(Crawled caption data)
>>>>>
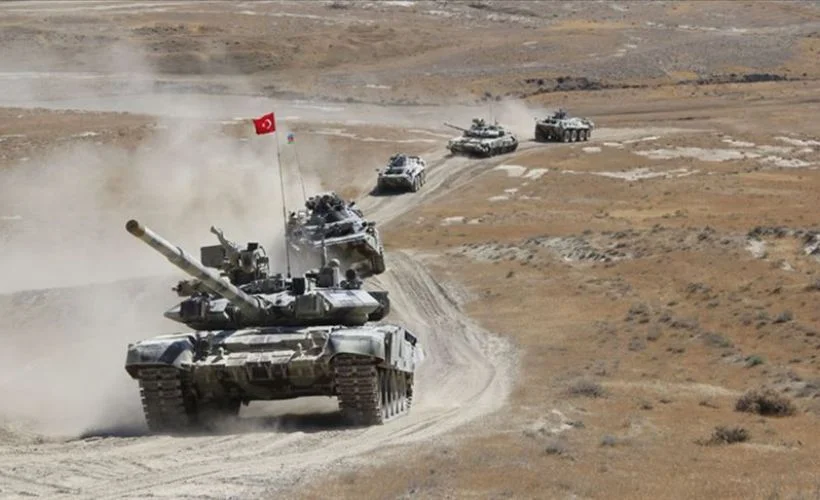 Türkiye ve Azerbaycan'ın geniş kapsamlı ortak askeri tatbikatı sürüyor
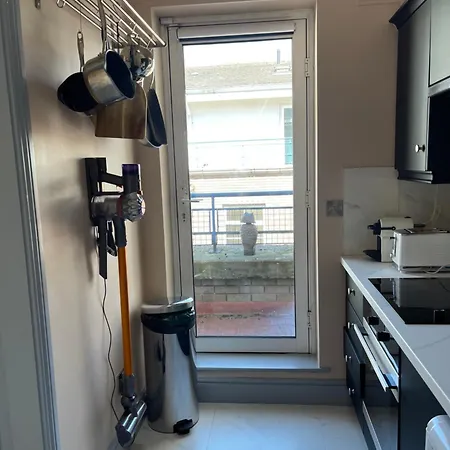 Luxury 2 Bedroom Apartment Beside Dublin Castle *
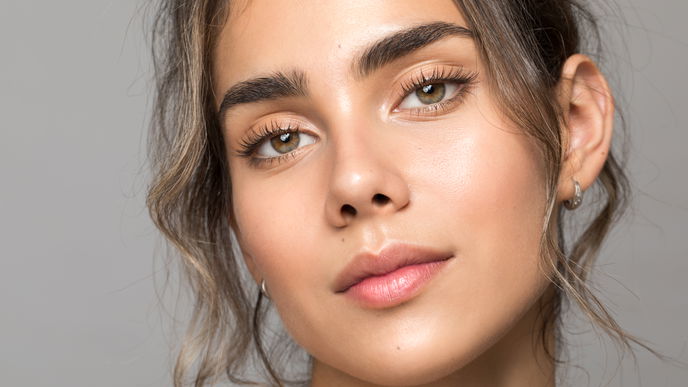Augen auf! Der "Triangle Concealer Hack" ist der beste Trick gegen Augenringe - laut TikTok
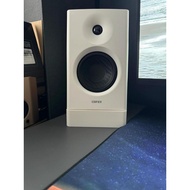 Inclined Edifier MR4 Speaker Base Desktop Audio Stand Base 3D Printing Accessories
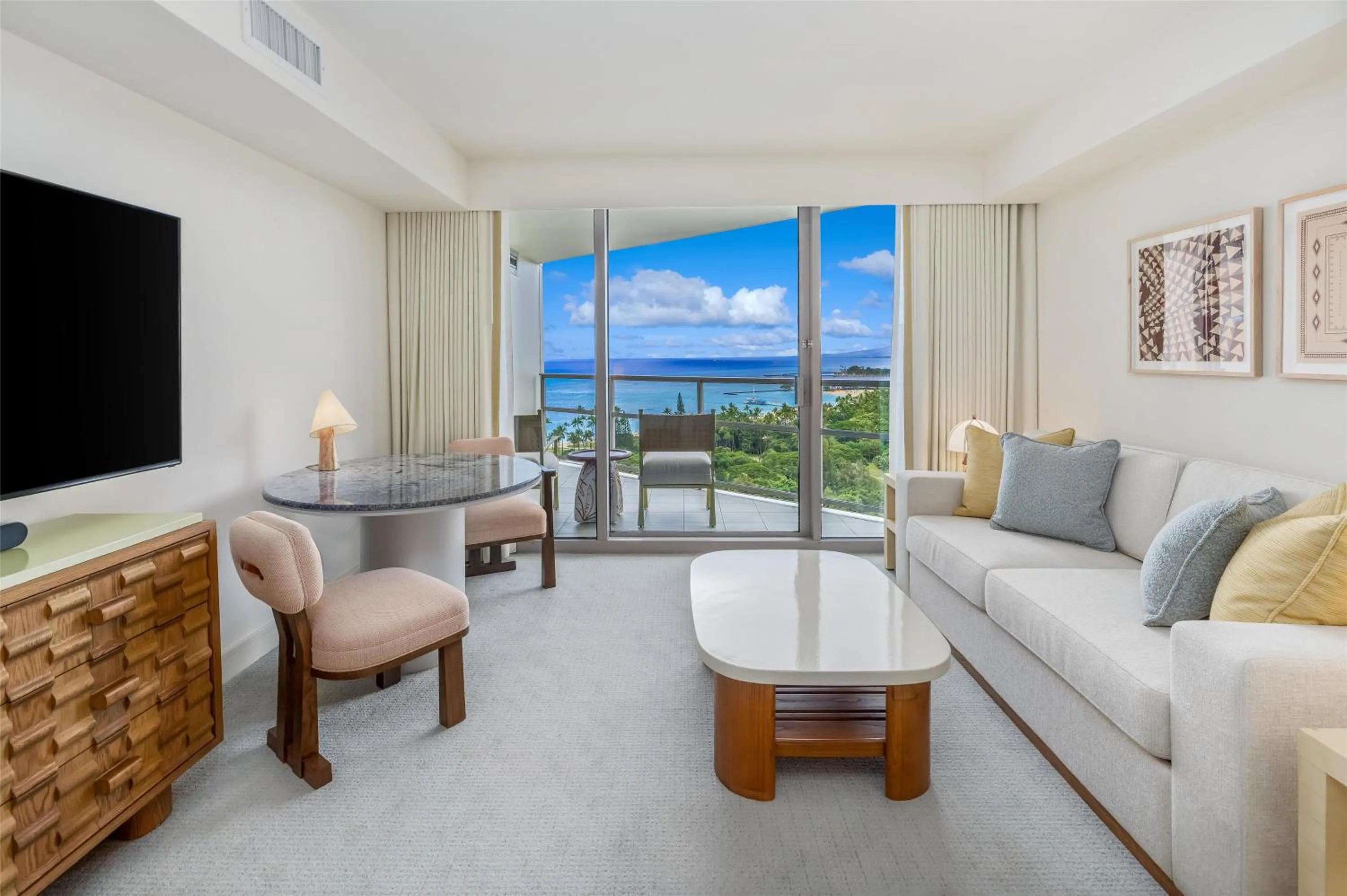 Living room in Ka Laʻi Waikiki Beach, LXR Hotels & Resorts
<<<<<
▶ _EXERCISE AIM_: Starting at the line containing "Augen auf! Der", output every remaining line of the records above exactly, the last one included. Nothing else belongs in the output, and no pictures either.

▶ _RESPONSE TO THIS TASK_:
Augen auf! Der "Triangle Concealer Hack" ist der beste Trick gegen Augenringe - laut TikTok
 Inclined Edifier MR4 Speaker Base Desktop Audio Stand Base 3D Printing Accessories
 Living room in Ka Laʻi Waikiki Beach, LXR Hotels & Resorts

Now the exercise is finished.